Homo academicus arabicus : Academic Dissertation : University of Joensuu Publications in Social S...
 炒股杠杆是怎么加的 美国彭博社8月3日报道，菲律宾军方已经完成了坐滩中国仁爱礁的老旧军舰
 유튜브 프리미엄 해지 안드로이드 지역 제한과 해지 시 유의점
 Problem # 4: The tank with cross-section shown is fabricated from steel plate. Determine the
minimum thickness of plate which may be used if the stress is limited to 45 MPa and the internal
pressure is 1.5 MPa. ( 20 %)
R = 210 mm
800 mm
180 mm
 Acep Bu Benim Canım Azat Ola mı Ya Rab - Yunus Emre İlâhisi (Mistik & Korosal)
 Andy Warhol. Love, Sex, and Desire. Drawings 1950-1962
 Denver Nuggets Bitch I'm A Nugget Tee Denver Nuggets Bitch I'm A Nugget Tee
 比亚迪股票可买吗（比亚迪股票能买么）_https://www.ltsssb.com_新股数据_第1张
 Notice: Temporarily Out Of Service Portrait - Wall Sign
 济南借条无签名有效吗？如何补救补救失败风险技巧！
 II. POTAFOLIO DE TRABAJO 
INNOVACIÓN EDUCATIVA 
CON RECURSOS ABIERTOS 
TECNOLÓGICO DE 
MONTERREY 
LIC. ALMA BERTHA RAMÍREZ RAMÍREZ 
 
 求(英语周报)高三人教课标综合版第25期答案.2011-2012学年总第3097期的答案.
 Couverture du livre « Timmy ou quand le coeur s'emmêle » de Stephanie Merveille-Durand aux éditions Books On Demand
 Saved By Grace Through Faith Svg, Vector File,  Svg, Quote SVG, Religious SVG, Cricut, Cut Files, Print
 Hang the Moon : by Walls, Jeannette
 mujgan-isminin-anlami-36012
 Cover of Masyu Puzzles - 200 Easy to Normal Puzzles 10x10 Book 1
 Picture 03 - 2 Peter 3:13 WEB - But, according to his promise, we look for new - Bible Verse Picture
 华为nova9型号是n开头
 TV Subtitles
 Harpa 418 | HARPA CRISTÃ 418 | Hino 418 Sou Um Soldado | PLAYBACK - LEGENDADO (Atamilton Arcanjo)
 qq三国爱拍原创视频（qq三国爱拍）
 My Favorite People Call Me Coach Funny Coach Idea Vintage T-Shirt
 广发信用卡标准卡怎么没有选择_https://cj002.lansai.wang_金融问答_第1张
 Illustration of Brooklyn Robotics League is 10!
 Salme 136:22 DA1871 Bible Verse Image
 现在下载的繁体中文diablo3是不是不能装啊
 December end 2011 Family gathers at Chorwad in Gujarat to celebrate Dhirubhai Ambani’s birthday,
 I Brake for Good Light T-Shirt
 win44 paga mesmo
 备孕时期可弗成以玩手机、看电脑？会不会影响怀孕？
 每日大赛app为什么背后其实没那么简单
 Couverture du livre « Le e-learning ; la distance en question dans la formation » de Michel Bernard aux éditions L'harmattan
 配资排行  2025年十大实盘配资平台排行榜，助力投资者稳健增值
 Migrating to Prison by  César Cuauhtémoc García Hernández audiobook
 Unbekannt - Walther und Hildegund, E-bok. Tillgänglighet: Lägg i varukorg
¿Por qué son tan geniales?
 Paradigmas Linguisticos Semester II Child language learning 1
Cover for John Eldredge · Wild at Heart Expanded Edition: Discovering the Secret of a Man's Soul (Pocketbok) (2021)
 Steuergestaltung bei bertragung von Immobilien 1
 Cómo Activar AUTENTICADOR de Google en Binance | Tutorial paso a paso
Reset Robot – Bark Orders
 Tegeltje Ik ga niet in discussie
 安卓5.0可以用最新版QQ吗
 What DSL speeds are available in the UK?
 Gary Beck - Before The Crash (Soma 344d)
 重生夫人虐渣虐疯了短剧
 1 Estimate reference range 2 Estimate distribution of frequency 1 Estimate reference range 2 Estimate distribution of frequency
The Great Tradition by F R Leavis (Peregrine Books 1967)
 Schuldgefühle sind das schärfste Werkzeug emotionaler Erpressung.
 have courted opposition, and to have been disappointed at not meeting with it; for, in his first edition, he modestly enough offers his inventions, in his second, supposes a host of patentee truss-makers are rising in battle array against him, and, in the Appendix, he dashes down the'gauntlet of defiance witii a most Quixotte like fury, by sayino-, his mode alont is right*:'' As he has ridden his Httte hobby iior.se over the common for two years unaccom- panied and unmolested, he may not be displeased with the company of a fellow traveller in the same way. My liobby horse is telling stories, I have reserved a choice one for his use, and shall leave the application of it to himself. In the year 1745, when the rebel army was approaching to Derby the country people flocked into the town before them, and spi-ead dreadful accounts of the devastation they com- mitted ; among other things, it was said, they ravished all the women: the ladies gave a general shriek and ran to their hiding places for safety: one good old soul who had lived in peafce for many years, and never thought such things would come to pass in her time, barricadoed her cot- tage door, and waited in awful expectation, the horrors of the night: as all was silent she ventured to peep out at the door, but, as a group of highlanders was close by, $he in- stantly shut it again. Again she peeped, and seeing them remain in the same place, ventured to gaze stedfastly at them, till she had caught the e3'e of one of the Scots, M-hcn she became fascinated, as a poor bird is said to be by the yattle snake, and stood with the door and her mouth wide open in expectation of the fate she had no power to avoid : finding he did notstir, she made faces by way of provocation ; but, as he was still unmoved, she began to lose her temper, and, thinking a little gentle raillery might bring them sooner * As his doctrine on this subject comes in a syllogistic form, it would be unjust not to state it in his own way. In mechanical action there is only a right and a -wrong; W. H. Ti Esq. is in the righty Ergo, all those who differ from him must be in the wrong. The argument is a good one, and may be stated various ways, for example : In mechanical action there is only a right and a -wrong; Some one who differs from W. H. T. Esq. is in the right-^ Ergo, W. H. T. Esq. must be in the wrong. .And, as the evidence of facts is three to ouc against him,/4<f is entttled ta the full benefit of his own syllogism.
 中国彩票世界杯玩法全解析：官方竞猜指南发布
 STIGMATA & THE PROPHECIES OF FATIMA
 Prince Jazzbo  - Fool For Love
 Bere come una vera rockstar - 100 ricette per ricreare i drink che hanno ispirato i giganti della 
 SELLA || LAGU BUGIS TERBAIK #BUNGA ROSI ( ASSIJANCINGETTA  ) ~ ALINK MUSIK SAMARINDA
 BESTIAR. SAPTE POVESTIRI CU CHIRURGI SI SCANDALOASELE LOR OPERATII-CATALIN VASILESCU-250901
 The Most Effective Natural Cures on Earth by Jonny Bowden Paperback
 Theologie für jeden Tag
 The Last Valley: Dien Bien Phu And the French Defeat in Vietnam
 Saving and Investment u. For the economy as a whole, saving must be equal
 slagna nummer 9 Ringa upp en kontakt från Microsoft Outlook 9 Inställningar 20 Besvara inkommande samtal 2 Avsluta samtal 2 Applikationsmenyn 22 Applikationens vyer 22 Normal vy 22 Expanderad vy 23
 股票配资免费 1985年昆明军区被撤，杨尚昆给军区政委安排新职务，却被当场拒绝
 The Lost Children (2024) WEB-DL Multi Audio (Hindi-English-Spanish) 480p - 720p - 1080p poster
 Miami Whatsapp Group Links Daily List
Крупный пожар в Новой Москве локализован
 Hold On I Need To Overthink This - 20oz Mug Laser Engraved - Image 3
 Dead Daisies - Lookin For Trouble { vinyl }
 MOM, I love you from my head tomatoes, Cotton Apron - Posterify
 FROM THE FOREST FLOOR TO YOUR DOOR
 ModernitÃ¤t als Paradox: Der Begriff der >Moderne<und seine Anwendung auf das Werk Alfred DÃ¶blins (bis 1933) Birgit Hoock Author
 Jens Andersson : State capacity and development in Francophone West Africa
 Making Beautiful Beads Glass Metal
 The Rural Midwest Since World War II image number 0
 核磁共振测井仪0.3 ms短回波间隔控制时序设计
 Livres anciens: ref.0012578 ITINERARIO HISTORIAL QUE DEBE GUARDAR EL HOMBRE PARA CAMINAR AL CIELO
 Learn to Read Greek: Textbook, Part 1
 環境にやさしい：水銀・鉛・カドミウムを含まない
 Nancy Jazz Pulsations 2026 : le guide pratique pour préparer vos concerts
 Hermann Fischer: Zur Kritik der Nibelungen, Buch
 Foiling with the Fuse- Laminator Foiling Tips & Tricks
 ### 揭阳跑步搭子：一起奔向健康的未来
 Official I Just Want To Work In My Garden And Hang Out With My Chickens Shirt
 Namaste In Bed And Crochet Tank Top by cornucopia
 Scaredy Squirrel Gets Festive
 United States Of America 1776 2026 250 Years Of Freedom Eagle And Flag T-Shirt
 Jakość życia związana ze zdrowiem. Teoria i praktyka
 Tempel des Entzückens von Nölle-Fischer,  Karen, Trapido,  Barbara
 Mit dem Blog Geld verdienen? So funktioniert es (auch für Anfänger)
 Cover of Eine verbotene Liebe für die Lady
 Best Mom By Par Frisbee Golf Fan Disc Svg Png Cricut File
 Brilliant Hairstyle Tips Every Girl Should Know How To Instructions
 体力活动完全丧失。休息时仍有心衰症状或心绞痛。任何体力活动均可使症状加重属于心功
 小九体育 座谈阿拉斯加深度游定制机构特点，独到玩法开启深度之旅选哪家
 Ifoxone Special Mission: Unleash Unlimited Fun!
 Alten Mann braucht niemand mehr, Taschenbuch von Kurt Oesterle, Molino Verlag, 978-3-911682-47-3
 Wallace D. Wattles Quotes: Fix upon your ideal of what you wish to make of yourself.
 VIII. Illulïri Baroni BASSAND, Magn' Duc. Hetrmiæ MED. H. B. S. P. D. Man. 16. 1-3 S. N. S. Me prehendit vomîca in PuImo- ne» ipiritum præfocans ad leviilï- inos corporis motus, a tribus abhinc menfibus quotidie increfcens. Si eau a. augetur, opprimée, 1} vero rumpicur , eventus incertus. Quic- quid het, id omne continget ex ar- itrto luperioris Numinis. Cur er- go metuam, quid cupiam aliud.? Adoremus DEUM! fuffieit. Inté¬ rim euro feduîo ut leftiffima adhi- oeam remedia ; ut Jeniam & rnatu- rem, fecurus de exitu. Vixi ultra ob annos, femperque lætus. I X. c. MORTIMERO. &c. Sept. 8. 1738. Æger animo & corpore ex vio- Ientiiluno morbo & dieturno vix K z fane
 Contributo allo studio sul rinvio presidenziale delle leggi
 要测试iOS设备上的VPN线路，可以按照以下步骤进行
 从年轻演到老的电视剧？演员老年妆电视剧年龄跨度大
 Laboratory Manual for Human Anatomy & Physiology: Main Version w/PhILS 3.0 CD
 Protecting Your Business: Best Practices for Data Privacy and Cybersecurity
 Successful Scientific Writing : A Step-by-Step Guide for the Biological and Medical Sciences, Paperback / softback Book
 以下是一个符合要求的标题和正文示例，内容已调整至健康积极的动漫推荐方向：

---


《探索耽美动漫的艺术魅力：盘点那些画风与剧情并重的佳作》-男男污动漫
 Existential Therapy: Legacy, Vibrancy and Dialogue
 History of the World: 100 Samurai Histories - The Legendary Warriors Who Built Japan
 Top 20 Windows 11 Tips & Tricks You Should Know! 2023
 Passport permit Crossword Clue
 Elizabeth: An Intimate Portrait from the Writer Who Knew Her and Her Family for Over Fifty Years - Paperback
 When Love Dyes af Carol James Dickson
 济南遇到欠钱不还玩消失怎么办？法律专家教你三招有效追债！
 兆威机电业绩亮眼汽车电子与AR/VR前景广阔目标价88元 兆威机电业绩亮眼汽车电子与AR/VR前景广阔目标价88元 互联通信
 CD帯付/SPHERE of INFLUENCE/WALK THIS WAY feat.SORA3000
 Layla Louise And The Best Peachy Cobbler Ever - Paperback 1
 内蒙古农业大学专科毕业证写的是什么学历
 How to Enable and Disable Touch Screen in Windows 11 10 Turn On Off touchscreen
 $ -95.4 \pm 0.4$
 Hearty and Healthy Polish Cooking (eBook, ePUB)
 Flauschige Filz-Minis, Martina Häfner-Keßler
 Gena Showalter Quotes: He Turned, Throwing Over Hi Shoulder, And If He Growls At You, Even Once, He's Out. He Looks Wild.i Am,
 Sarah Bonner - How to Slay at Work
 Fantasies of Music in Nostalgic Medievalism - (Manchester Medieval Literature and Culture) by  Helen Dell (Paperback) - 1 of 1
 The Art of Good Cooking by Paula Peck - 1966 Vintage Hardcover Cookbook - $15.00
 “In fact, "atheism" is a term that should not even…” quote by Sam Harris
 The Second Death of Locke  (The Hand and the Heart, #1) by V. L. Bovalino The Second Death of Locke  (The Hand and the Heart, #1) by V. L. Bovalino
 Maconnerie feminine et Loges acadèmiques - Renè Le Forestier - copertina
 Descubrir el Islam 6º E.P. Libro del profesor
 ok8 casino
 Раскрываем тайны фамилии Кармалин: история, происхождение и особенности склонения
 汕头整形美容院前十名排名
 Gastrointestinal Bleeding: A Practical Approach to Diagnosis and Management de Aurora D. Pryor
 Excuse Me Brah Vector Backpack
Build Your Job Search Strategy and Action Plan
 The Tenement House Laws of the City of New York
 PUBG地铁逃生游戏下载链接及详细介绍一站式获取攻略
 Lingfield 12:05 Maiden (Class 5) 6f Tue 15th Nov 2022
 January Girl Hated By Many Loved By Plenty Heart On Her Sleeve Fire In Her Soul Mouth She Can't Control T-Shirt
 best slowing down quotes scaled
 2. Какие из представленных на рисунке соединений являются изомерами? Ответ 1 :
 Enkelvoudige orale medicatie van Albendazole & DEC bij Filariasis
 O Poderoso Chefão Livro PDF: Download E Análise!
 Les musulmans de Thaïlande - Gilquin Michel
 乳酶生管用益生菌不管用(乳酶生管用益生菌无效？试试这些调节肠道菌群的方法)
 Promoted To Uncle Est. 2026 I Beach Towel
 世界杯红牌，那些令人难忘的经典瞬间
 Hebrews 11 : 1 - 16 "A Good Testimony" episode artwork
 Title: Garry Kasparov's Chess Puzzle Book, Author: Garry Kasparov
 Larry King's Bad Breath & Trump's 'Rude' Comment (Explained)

------------------------------------------------------------

_Exercise instructions_
Each line of the data in which the string "Tips" appears needs to be copied.

_Solved problem_
 Foiling with the Fuse- Laminator Foiling Tips & Tricks
 Brilliant Hairstyle Tips Every Girl Should Know How To Instructions
 Top 20 Windows 11 Tips & Tricks You Should Know! 2023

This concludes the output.